A list with entries named with source IDs (or aligning with those IDs), containing vectors of associated target IDs (or indices of those IDs). Entries can also be numeric vectors with IDs as names, which will be used to weigh the relationship. If IDs are related by substrings (the first characters of target IDs are source IDs), then a map can be automatically generated from them. If source and target contain sf geometries, a map will be made with st_intersects (st_intersects(source, target)). If an intersects map is made, and source is being aggregated to target, and map entries contain multiple target IDs, those entries will be weighted by their proportion of overlap with the source area.

source_id, target_id

Name of a column in source / target, or a vector containing IDs. For source, this will default to the first column. For target, columns will be searched through for one that appears to relate to the source IDs, falling back to the first column.

weight

Name of a column, or a vector containing weights (or single value to apply to all cases), which apply to target when disaggregating, and source when aggregating. Defaults to unit weights (all weights are 1).

source_variable, source_value

If source is tall (with variables spread across rows rather than columns), specifies names of columns in source containing variable names and values for conversion.

aggregate

Logical; if specified, will determine whether to aggregate or disaggregate from source to target. Otherwise, this will be TRUE if there are more source observations than target observations.

weight_agg_method

Means of aggregating weight, in the case that target IDs contain duplicates. Options are "sum", "average", or "auto" (default; which will sum if weight is integer-like, and average otherwise).

rescale

Logical; if FALSE, will not adjust target values after redistribution such that they match source totals.

drop_extra_sources

Logical; if TRUE, will remove any source rows that are not mapped to any target rows. Useful when inputting a source with regions outside of the target area, especially when rescale is TRUE.

default_value

Value to set to any unmapped target ID.

outFile

Path to a CSV file in which to save results.

overwrite

Logical; if TRUE, will overwrite an existing outFile.

make_intersect_map

Logical; if TRUE, will opt to calculate an intersect-based map rather than an ID-based map, if both seem possible.

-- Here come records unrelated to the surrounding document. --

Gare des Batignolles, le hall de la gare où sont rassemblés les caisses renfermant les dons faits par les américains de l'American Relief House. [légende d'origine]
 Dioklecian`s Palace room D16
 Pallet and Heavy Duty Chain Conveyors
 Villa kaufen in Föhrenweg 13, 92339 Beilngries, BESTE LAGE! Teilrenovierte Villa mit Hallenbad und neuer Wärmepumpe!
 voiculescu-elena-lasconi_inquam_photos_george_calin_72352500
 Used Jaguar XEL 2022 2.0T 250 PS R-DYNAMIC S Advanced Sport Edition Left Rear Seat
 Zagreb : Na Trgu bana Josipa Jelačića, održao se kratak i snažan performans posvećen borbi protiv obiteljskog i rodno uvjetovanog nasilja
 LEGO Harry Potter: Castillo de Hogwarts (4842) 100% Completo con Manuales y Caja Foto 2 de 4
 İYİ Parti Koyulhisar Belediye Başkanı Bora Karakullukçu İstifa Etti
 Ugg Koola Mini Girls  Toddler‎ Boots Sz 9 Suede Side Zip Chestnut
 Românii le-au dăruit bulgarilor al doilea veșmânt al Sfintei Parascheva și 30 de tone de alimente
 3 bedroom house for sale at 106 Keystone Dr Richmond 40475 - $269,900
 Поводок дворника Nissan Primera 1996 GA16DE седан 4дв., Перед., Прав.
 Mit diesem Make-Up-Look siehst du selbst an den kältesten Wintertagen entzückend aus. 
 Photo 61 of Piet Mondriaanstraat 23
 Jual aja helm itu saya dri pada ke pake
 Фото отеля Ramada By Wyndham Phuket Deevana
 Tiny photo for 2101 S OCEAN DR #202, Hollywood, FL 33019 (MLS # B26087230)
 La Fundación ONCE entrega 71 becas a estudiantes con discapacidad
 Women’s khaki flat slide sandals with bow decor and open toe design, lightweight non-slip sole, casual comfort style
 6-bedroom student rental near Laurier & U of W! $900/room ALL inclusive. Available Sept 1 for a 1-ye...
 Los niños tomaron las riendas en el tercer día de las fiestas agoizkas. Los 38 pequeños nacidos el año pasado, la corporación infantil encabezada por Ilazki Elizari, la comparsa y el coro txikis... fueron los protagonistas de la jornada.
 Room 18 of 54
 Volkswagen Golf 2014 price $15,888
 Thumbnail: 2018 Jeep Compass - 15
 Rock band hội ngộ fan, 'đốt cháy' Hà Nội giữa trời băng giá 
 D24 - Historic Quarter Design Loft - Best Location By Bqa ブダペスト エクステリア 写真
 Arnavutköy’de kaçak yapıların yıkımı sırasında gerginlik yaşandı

If specified as FALSE, will never calculate an intersect-based map.

fill_targets

Logical; if TRUE, will make new target rows for any un-mapped source row.

overlaps

If specified and not TRUE or "keep" (default), will assign target entities that are mapped to multiple source entities to a single source entity. The value determines how entities with the same weight should be assigned, between "first", "last", and "random".

use_all

Logical; if TRUE (default), will redistribute map weights so they sum to 1. Otherwise, entities may be partially weighted.

return_geometry

Logical; if FALSE, will not set the returned data.frame's geometry to that of target, if it exists.

return_map

Logical; if TRUE, will only return the map, without performing the redistribution. Useful if you want to inspect an automatically created map, or use it in a later call.

verbose

Logical; if TRUE, will show status messages.

Value

A data.frame with a row for each target_ids (identified by the first column, id), and a column for each variable from source.

Examples

# minimal example
source <- data.frame(a = 1, b = 2)
target <- 1:5
(redistribute(source, target, verbose = TRUE))
#>  source IDs: 1
#>  target IDs: `target` vector
#>  map: all target IDs for single source
#>  weights: 1
#>  redistributing 2 variables from 1 source to 5 targets:
#>  (numb; 2) a, b
#>  disaggregating...
#>  done disaggregating [12ms]
#> 
#>  checking totals
#>  totals are aligned [7ms]
#> 
#>   id   a   b
#> 1  1 0.2 0.4
#> 2  2 0.2 0.4
#> 3  3 0.2 0.4
#> 4  4 0.2 0.4
#> 5  5 0.2 0.4

# multi-entity example
source <- data.frame(id = c("a", "b"), cat = c("aaa", "bbb"), num = c(1, 2))
target <- data.frame(
  id = sample(paste0(c("a", "b"), rep(1:5, 2))),
  population = sample.int(1e5, 10)
)
(redistribute(source, target, verbose = TRUE))
#>  source IDs: id column of `source`
#>  target IDs: id column of `target`
#>  map: first 1 character of target IDs
#>  weights: 1
#>  redistributing 2 variables from 2 sources to 10 targets:
#>  (numb; 1) num
#>  (char; 1) cat
#>  disaggregating...
#>  done disaggregating [6ms]
#> 
#>  re-converting categorical levels
#>  checking totals
#>  totals are aligned [8ms]
#> 
#>    id cat num
#> 1  b2 bbb 0.4
#> 2  a4 aaa 0.2
#> 3  a5 aaa 0.2
#> 4  b4 bbb 0.4
#> 5  b5 bbb 0.4
#> 6  a1 aaa 0.2
#> 7  b3 bbb 0.4
#> 8  a3 aaa 0.2
#> 9  a2 aaa 0.2
#> 10 b1 bbb 0.4